Die erfolgreiche Unternehmensnachfolge ist für viele mittelständische Betriebe eine Herausforderung. Für den Führungswechsel müssen Firmenchefs nicht nur eine geeignete Geschäftsführung finden, sondern auch jemanden, der das Eigentum übernimmt und bereit ist, das Risiko zu tragen. Die Kompass-Redaktion hat sich umgehört: Wie wird der anstehende Generationenwechsel in Schleswiger Betrieben geregelt?
Text: Britta Matzen · Fotos: Foto Sliasthorp, Redaktion

13. Juli 2024 / Kompass 37

Fit for Life: Betriebsübernahme durch Mitarbeiter

Eine Nachfolge kann entweder familienintern erfolgen – oder auch extern. Zum Beispiel durch Arbeitnehmer, wie im Fall von Christoph Reinhardt. Der 41-Jährige hat vor fünf Jahren mit Ehefrau Denise (40) das Schleswiger Fitnessstudio Fit for Life als ehemaliger Mitarbeiter übernommen. Zehn Jahre war er im Betrieb angestellt. „Es war aber relativ schnell klar, dass ich das Studio mal übernehmen soll.“

Die Reinhardts kauften dem Inhaber das wirtschaftliche und rechtliche Eigentum ab. Nur die Immobilie verblieb noch in den Händen des Ex-Chefs, die Nachfolger zahlen Miete. Name und Logo des Studios wurden beibehalten, aber der Untertitel wurde geändert. Aus „Fitness- und Freizeit-Center“ wurde „Dein Gesundheitsstudio“.
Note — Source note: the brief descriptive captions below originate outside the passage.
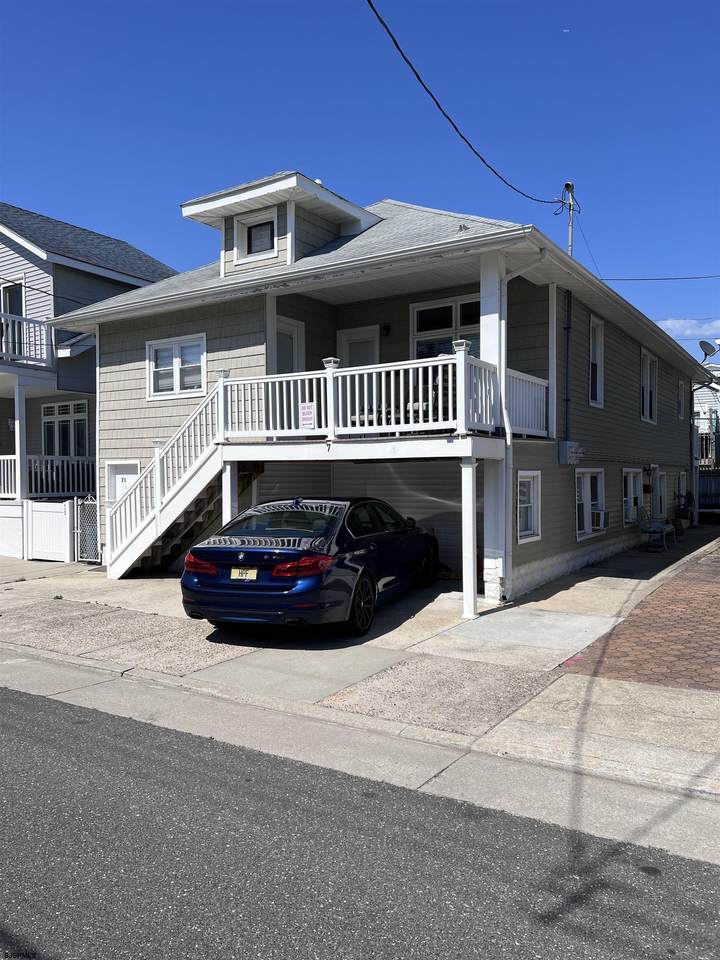7 Richards - Photo 1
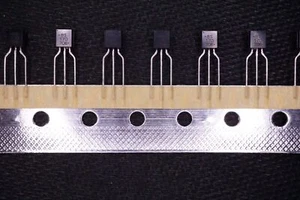 Lot of 15 BS170RL1G ON Semi MOSFET Transistor N Channel 60V 0.5A TO-92-3 TH NOS - Bild 1 von 2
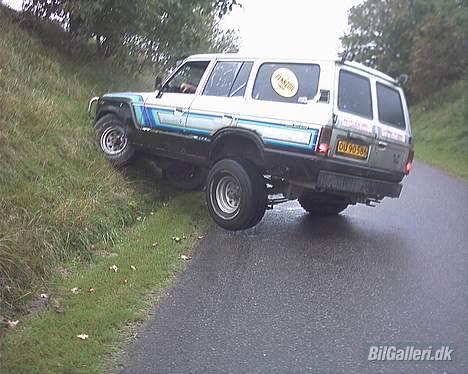 Toyota land cruiser hj 60/61 - bare lidt sjov.... min bil kan lette ben når den skal tisse :-D billede 1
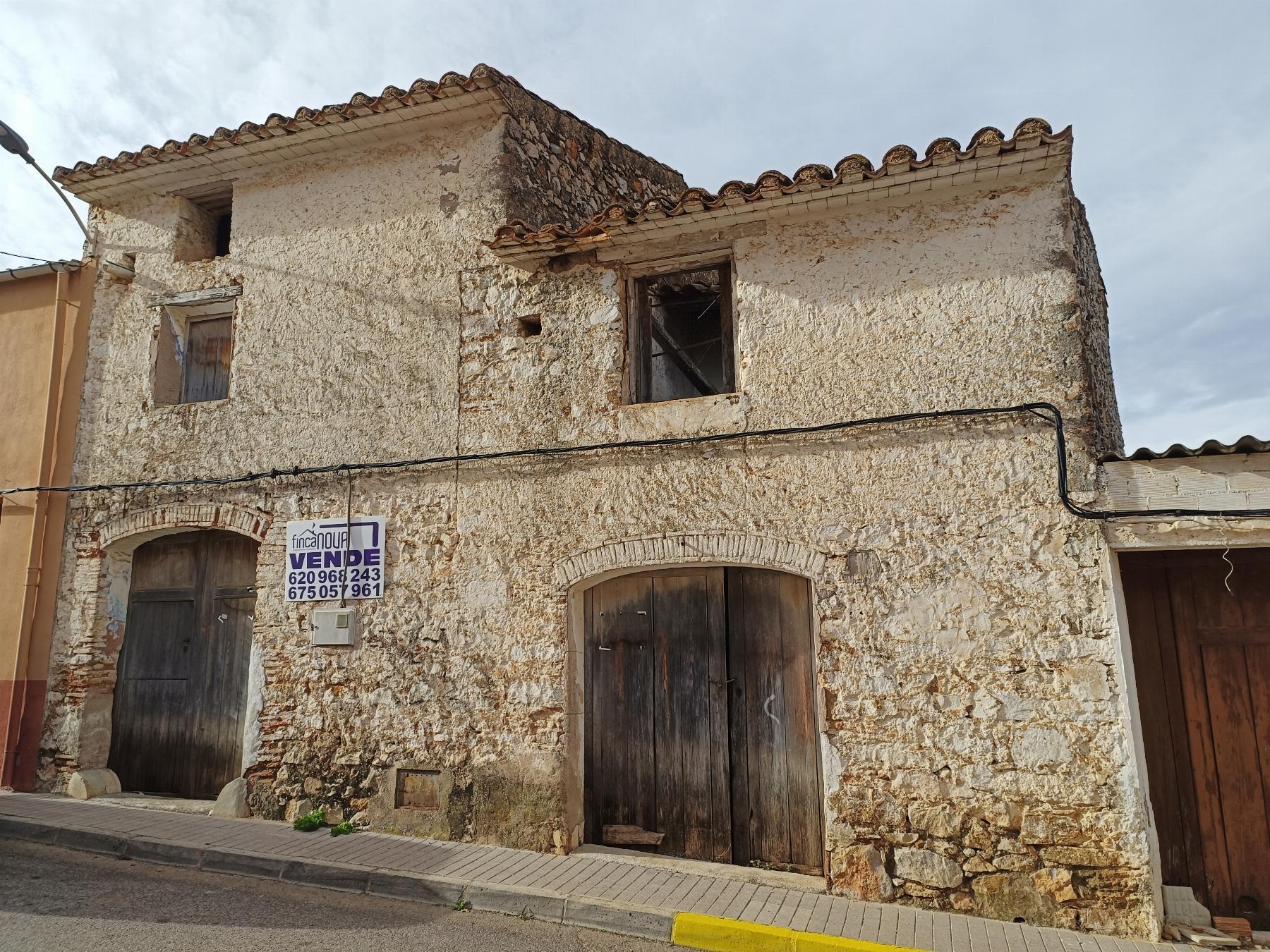 For sale of house in Cabanes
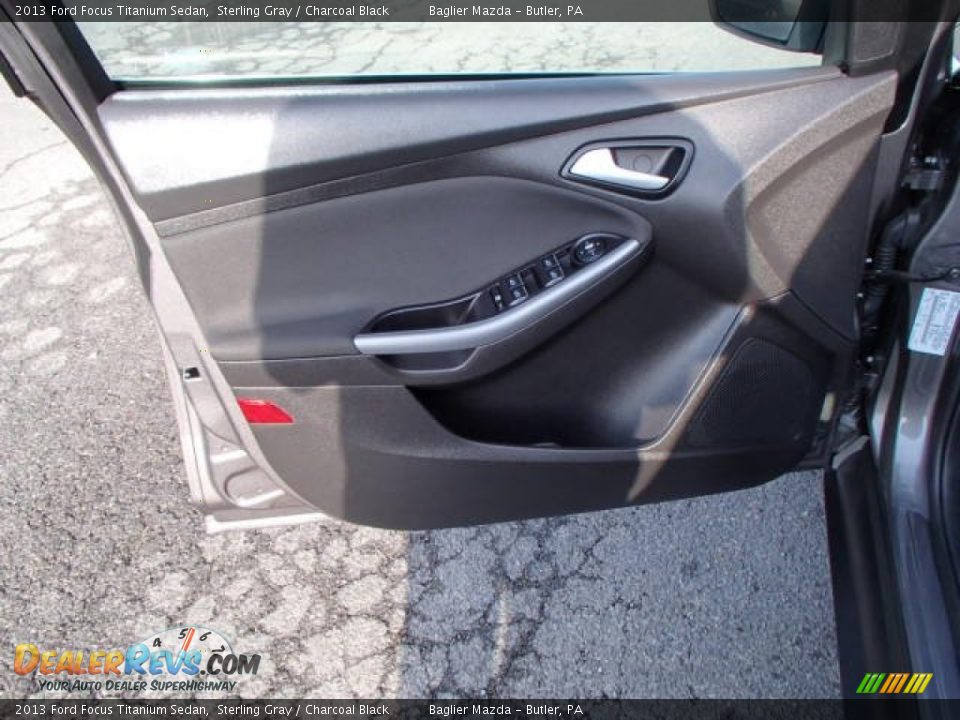 2013 Ford Focus Titanium Sedan Sterling Gray / Charcoal Black Photo #11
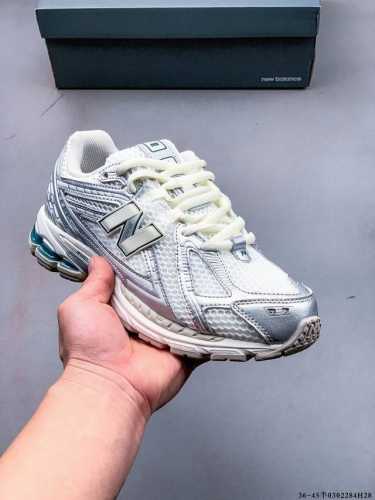 200 New Balance M1906Ri Nb宝藏老爹鞋款，复古元素叠加，质感超级棒，楦版型材料细节做工精细，货如实拍图 作为Nb最经典的档案鞋型之一，与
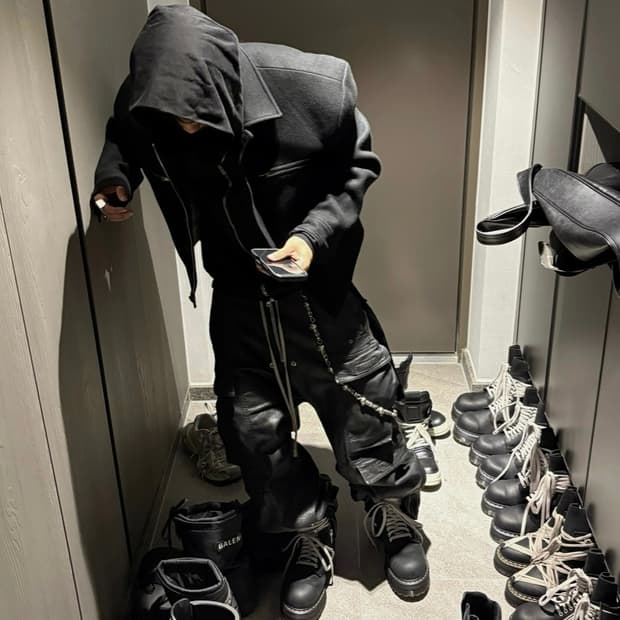 아워글라스 파워숄더 울 크롭 자켓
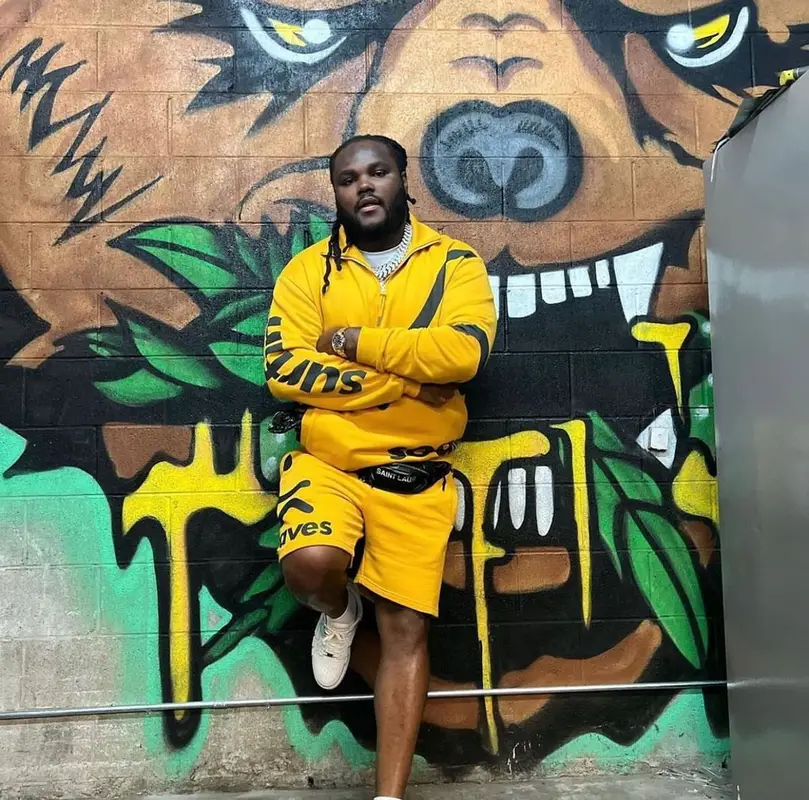 Tee Grizzley outfit in Keiser Clark, 2022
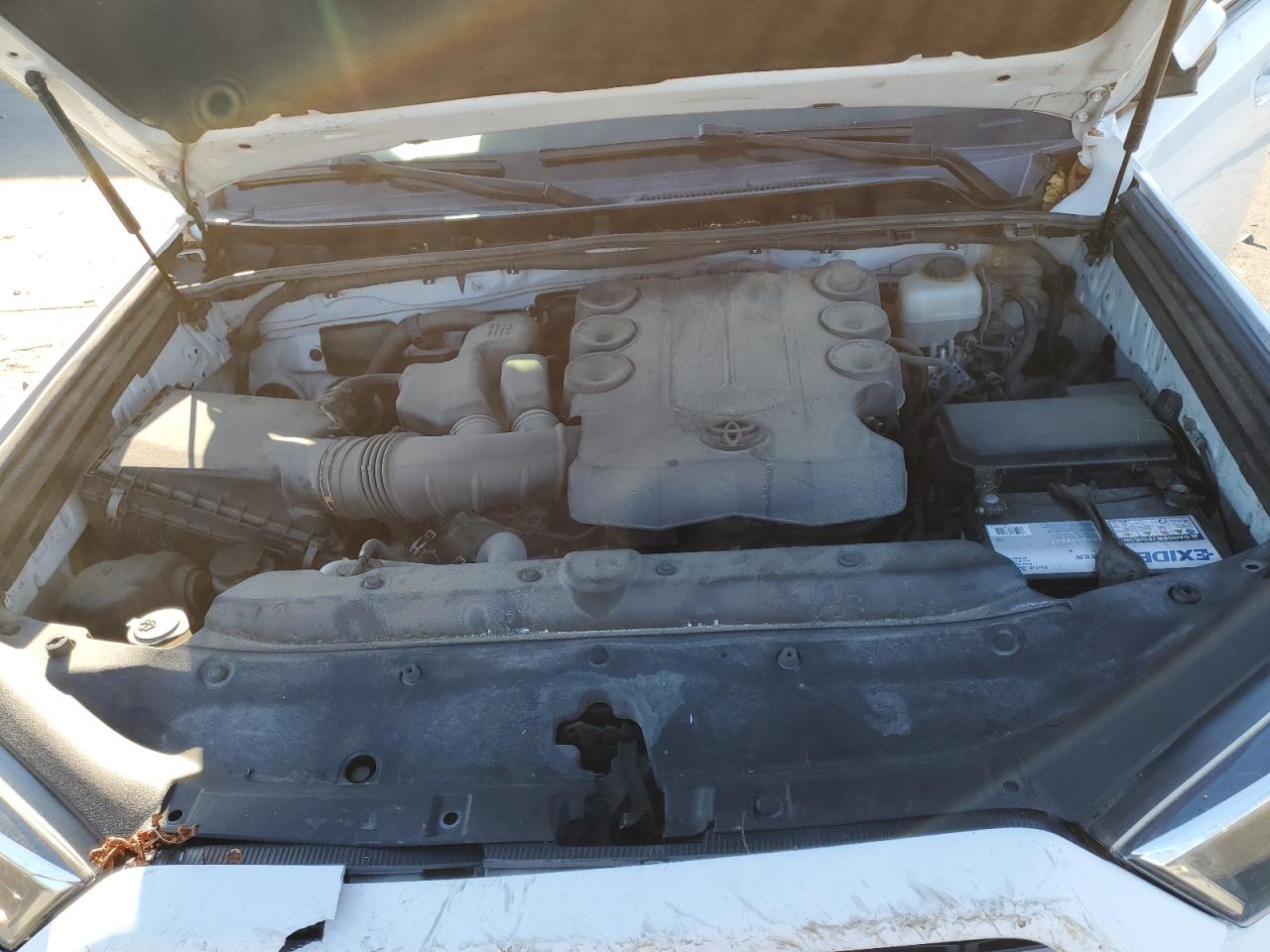 2015 Toyota 4Runner Sr5/Sr5 Premium VIN: JTEBU5JR3F5272511 Lot: 81996355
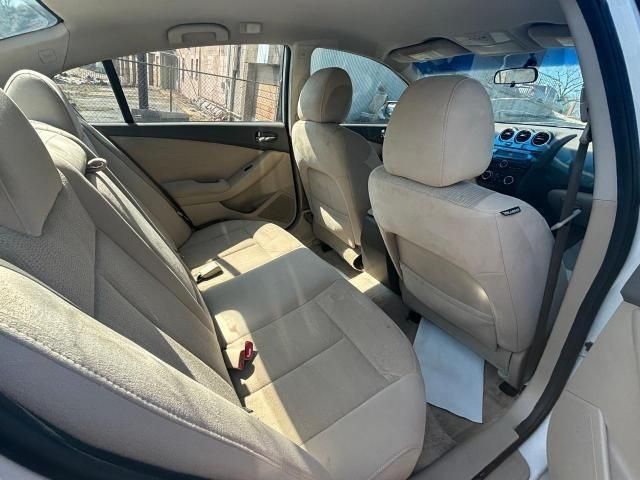 2012 Nissan Altima Base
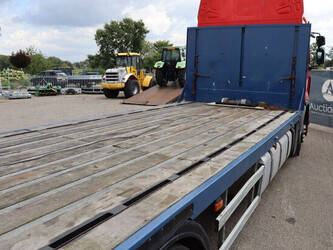2011-renault-premium-1491515-49246873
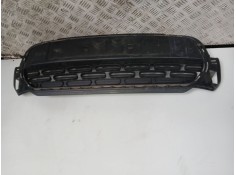 Recambio de rejilla delantera para citroën c3 iii (sx) 1.2 puretech 82 referencia OEM IAM 9833504580 - 9833504680  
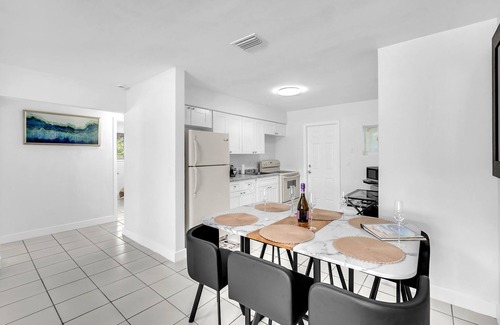 West Little Havana Casa | Charming 2-bedroom house in amazing Miami with AC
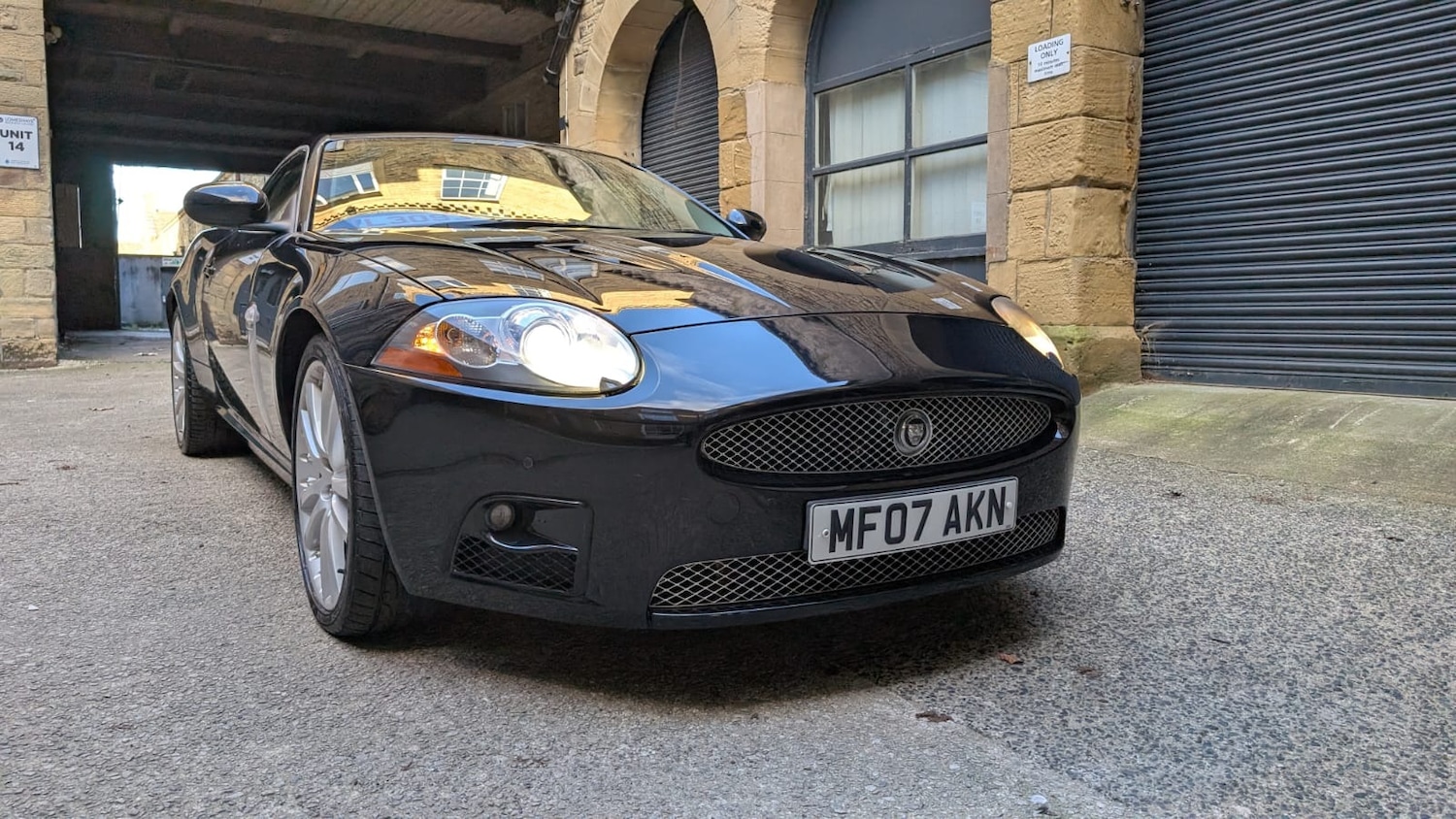 Used Jaguar XKR 2007 for sale - 77053414: Photo 2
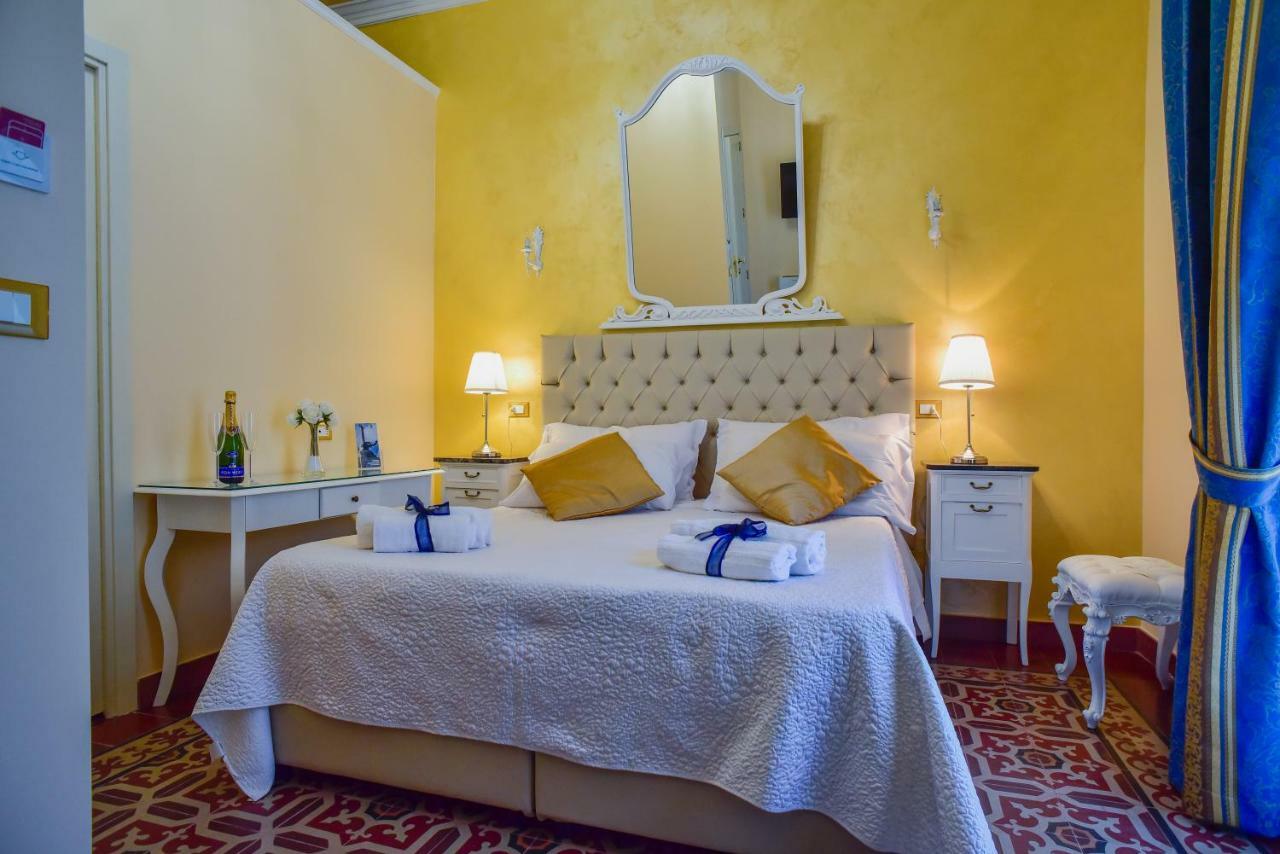 Palazzo Degli Affreschi Bed & Breakfast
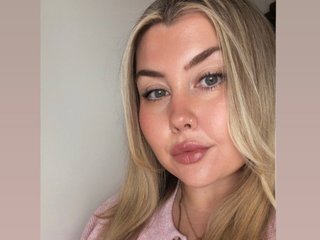 Screen Shot of PeachyPolUK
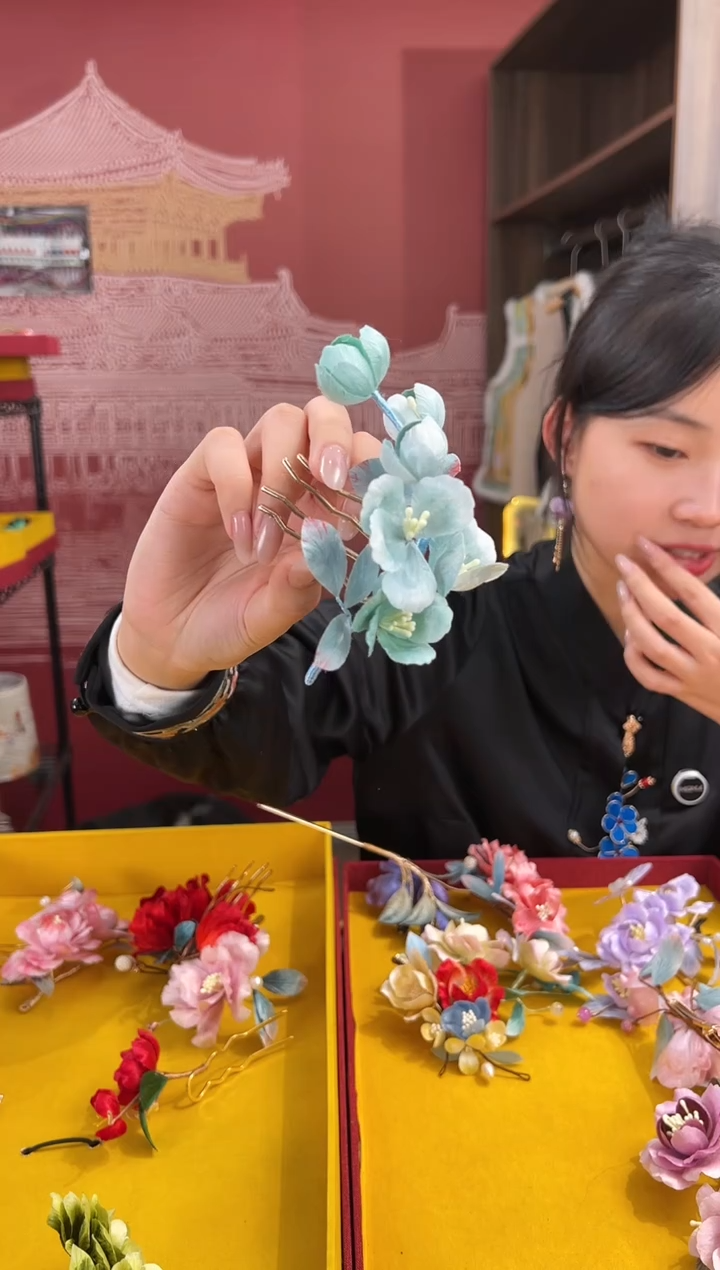 【闪购商品】刺绣非遗绒花（发饰）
Die Betriebsübernahme musste natürlich gut geplant sein. Nicht nur, was den Kaufpreis betraf, auch die rechtlichen und steuerrechtlichen Entscheidungen mussten wohl überlegt sein. „Wir haben den Steuerberater meines Chefs, der das Unternehmen 25 Jahre kannte, mit übernommen. Dieser hat den Prozess sehr gut begleitet, sodass alle Beteiligten zufrieden gestellt wurden“, berichtet Reinhardt. Den Unternehmenskauf hätten sie komplett mithilfe einer Bürgschaftsbank finanziert, des Weiteren sei Stefan Wesemann von der IHK unterstützend beteiligt gewesen.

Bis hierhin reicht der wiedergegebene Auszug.